● **Work to complete**
Leave out the pictures and output exactly the lines below from the one with "Peloton Mom Tank 💪🏻🎀 - Picture 1 of 5" down to the one with "Spacious 2 Bedroom", both of them included.

● **Exercise input**
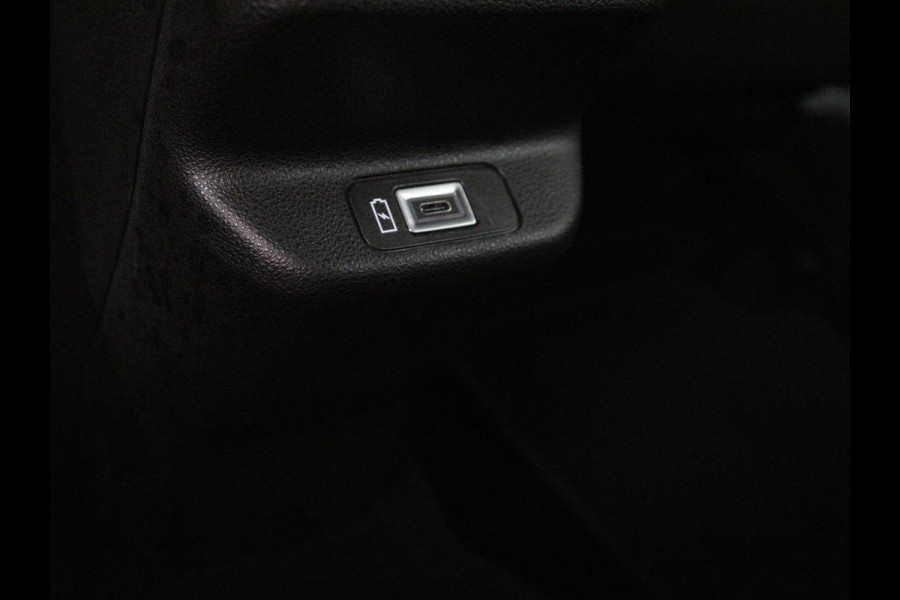 Jeep Avenger Avenger 54 kWh SOH 95,4% | Digital cockpit | Navi | Adaptive cruise | Camera | Climate control | Carplay | Dodehoek detectie | Stoelverwarming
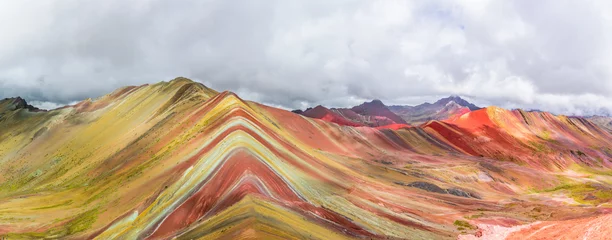 Schapenvacht deken met patroon Vinicunca Vinicunca of Rainbow Mountain, Pitumarca, Peru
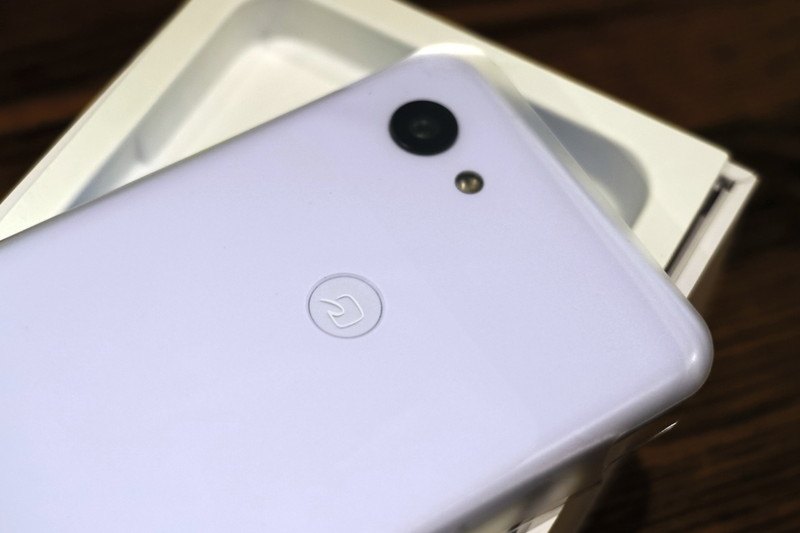 おサイフケータイマークはフィルムに印刷されていた。それで良かったのか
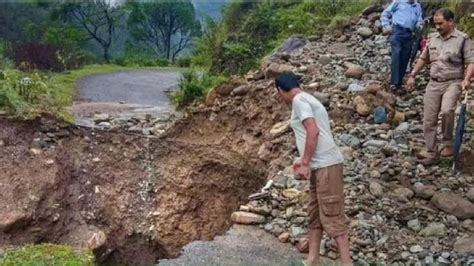 3 dead as devastating landslide hits Kedarnath yatra route, 16 still ...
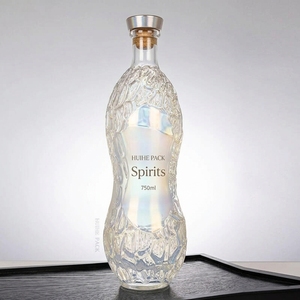 Venta al por mayor de botellas de vidrio transparente de alta gama de 750 ml con forma y textura únicas, impresión personalizada, suministro a granel para tequila, whisky, <span class=keywords><strong>vodka</strong></span> y otras bebidas espirituosas. - Product Image 1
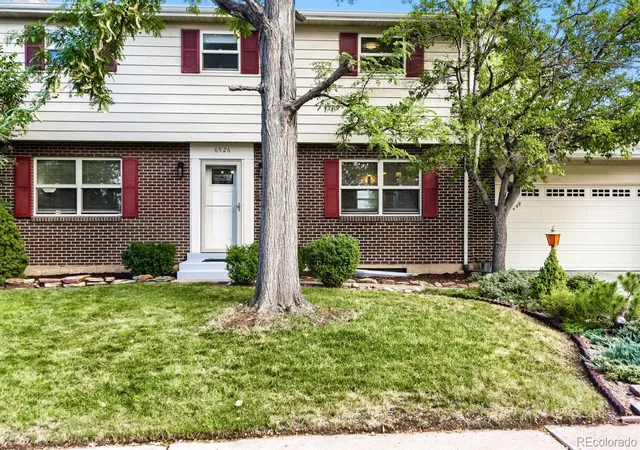 Photo 2 of Single family home for sale at 6926 S Ogden Ct, Littleton, CO 80122 | MLS# 2256718 | Listing updated on 2026-09-13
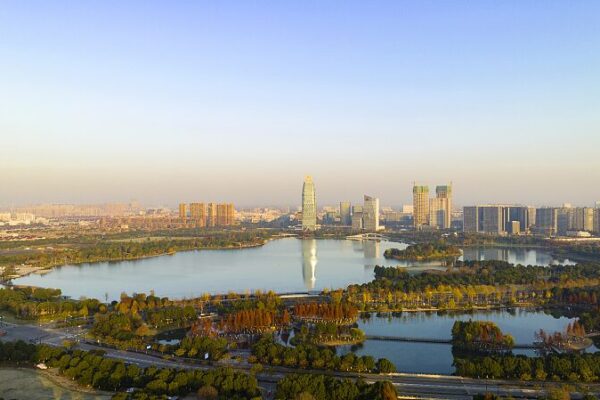 Descubre_el_Zafiro_de_Tongxiang__La_Impresionante_Belleza_del_Lago_Fenghuang___ video poster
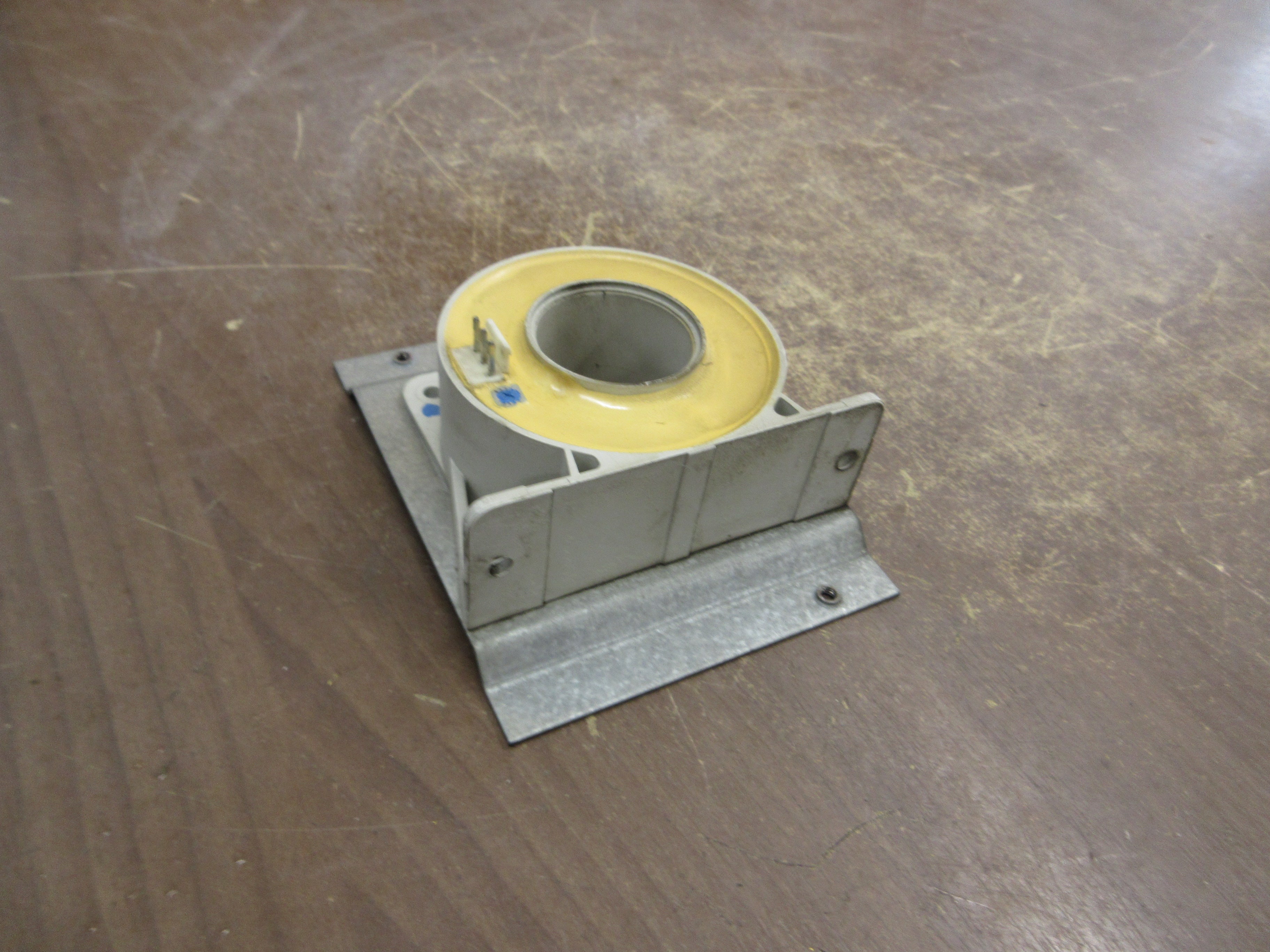 ABB Current Transformer ES500-9647 500A 18-24V Used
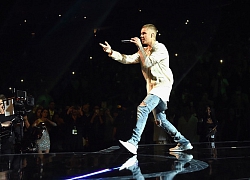 Không chỉ kết hợp đầy bất ngờ, Justin Bieber còn 'mượn' sân khấu Coachella của Ariana để thả thính về album mới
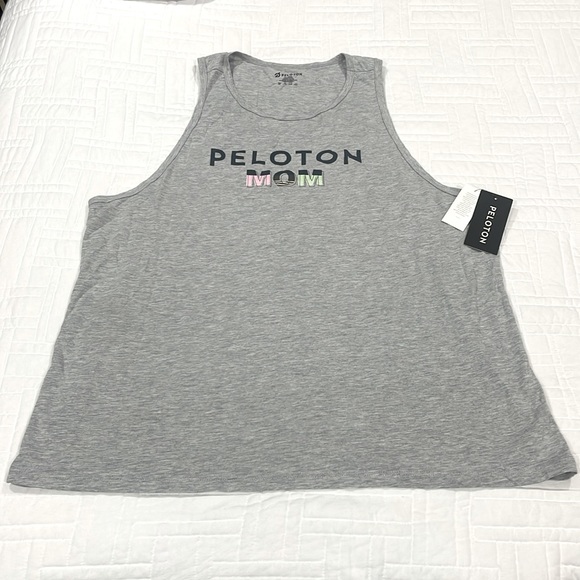 Peloton Mom Tank 💪🏻🎀 - Picture 1 of 5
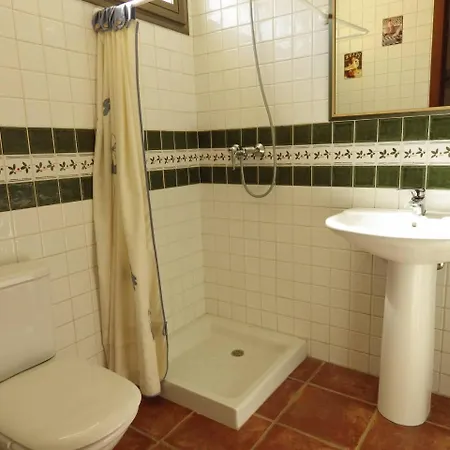 Spacious 2 Bedroom Townhouse Close To The Beach Lejlighed Granadilla De Abona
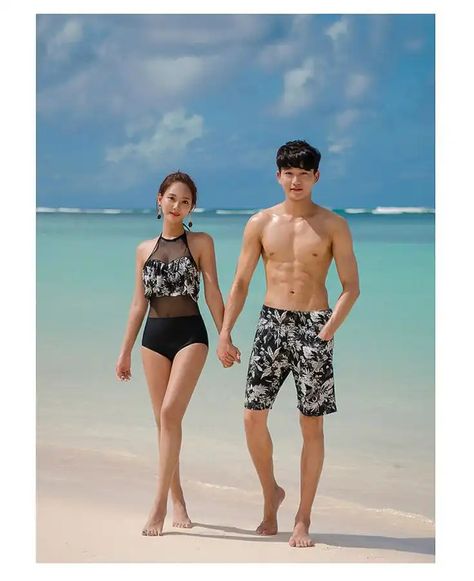 All You Need to Know Before You Buy Matching Outfits – Svelte Magazine Couple Swimwear, Beachwear Men, Matching Outfits For Couples, Outfits For Couples, Gold Swimsuit, Short Couples, Clueless Outfits, Beach Wear Men, Swimming Suit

● **Response box**
 Peloton Mom Tank 💪🏻🎀 - Picture 1 of 5
 Spacious 2 Bedroom Townhouse Close To The Beach Lejlighed Granadilla De Abona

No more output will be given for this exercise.